While we can never actually speed up or reduce the speed of light, which is always a constant, scientists have been successful in manipulating the time it takes for light to travel through various mediums. At room temperature, atoms are incredibly fast and behave akin to billiard balls, bouncing off each other when they interact. As you lower the temperature (remember temperature reflects atomic agitation), atoms and molecules move slower. Eventually, once you get to about 0.000001 degrees above absolute zero, atoms become so densely packed they behave like one super atom, acting in unison. This is the domain of quantum mechanics so prepared for a lot of weirdness.
This is actually a distinct state of matter known as the Bose-Einstein condensate, which doesn't resemble everyday observable states like liquid, gas, solid or plasma. BEC, for short, was first predicted in the 1920s by Albert Einstein and the Indian physicist Satyendra Bose and it wasn't until very late in 1995 that scientists were able to produce the necessary conditions for this extreme state of matter to occur.
In 1999, Lene Vestergaard Hau, a professor at Harvard University, aimed a laser beam through such a cloud of nearly motionless sodium atoms only 1/125 inch long. First, an initial beam known as the coupling beam is shone on the cloud rendering it transparent. It does with an extremely fast rate of the change of the refractive index.
A second laser beam, the probe pulse, fires through this now-transparent cloud of gas which has a refraction index a hundred trillion times higher than that of glass in optical fiber. It was under these conditions that light crawled at a staggering 38 miles per hour. Horses are faster.
Not resting on her laurels, Professor Hau pushed the envelope to the ultimate point: stopping light in its tracks. To stop light altogether, the scientists utilized a similar but far more powerful effect. The researchers cooled a gas of magnetically trapped sodium atoms to within a few millionths of a degree of absolute zero (-273 deg C). The experimental setup looked very similar to the first attempt, only this time if the team turned off the coupling laser while the probe laser was still shining on the cloud, then the probe pulse would stop dead. If the coupling beam is then turned back on, the probe pulse emerges intact, just as if it had been waiting to resume its journey. Astonishing! These findings were replicated in the same year (2001) by Dr Ronald Walsworth, of the Harvard-Smithsonian Center for Astrophysics, Cambridge.

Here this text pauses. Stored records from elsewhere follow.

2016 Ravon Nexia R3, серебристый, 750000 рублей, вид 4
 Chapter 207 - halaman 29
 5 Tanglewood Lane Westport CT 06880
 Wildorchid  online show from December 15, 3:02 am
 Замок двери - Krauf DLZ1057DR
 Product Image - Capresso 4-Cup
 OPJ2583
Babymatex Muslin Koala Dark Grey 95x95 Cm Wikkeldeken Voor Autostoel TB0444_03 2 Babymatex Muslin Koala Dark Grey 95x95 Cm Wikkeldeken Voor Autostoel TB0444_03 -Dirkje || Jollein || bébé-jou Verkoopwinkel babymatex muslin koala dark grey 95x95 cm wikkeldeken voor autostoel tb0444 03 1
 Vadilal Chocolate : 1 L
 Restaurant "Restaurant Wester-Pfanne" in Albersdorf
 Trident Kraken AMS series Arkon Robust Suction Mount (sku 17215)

Since then, various milestones were set. In 2013, a team from Germany’s University of Darmstadt put light to a full stop inside a crystalline structure and kept it so for a full minute. They also used the trap to store and then retrieve an image consisting of three stripes. “We showed you can imprint complex information on your light beam,” said lead researcher George Heinze. In 2015, researchers at University of Glasgow found a way to slow the speed of light that does not involve running it through a medium. They essentially altered its speed indirectly by running the light through a special mask -- a filter that shaped the beam into either a Gaussian or Bessel beam.
After it passes through a medium, say glass, water or any kind of material that you can make a filter out of, light is supposed to speed back up to its normal constant. The experiment showed that light can be caused to travel slower than c, by changing its shape. This was 0.001 percent slower than it should have. Not as impressive as putting the brakes on light, but still fascinating. Maybe light is more malleable than physicists previously thought.
There are, of course, practical applications to these 'gimmicks'. These include quantum computing and quantum communication applications. Still, doing this sort of groundbreaking science just for the sake of it sounds just as awesome to me.